Exercise brief - Here you must reproduce each line of the data exactly.

Given material -
──────────────────────────────

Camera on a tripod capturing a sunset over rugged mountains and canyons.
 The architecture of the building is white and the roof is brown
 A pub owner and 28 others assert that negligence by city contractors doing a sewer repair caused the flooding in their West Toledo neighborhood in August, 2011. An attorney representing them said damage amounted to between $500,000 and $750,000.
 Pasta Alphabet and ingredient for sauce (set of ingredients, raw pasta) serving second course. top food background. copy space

──────────────────────────────

Answer to the problem -
Camera on a tripod capturing a sunset over rugged mountains and canyons.
 The architecture of the building is white and the roof is brown
 A pub owner and 28 others assert that negligence by city contractors doing a sewer repair caused the flooding in their West Toledo neighborhood in August, 2011. An attorney representing them said damage amounted to between $500,000 and $750,000.
 Pasta Alphabet and ingredient for sauce (set of ingredients, raw pasta) serving second course. top food background. copy space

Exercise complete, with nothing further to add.